**DATA BELOW:**
·····

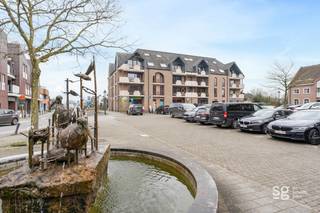 Gezellige appartment in het centrum van De Pinte. Het appartement omvat: inkomhal met gastentoilet, een gezellige woonkamer met open keuken...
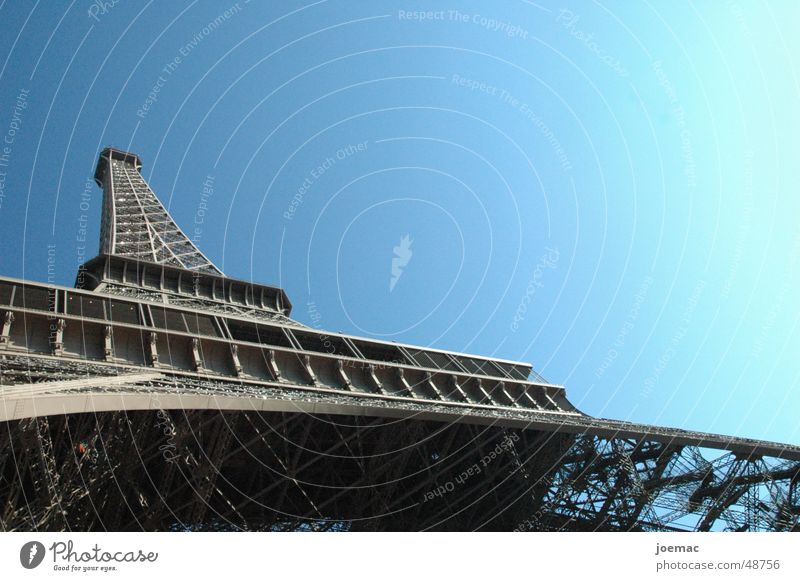 la tour eiffel Tour d'Eiffel Stahl Hochbau Paris Frankreich groß Denkmal Himmel Turm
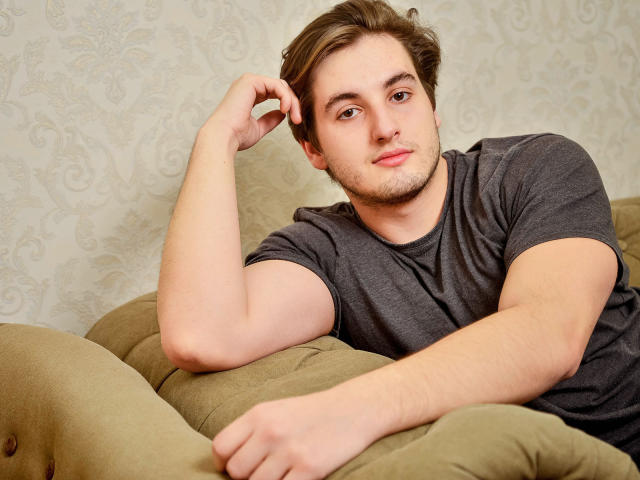 KevinBuster - Live Sex Cam - 6252406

·····

**WORK ITEM:** The pictures in the data should be omitted, and every remaining line set down exactly.

**REPLY TO THE TASK:**
 Gezellige appartment in het centrum van De Pinte. Het appartement omvat: inkomhal met gastentoilet, een gezellige woonkamer met open keuken...
 la tour eiffel Tour d'Eiffel Stahl Hochbau Paris Frankreich groß Denkmal Himmel Turm
 KevinBuster - Live Sex Cam - 6252406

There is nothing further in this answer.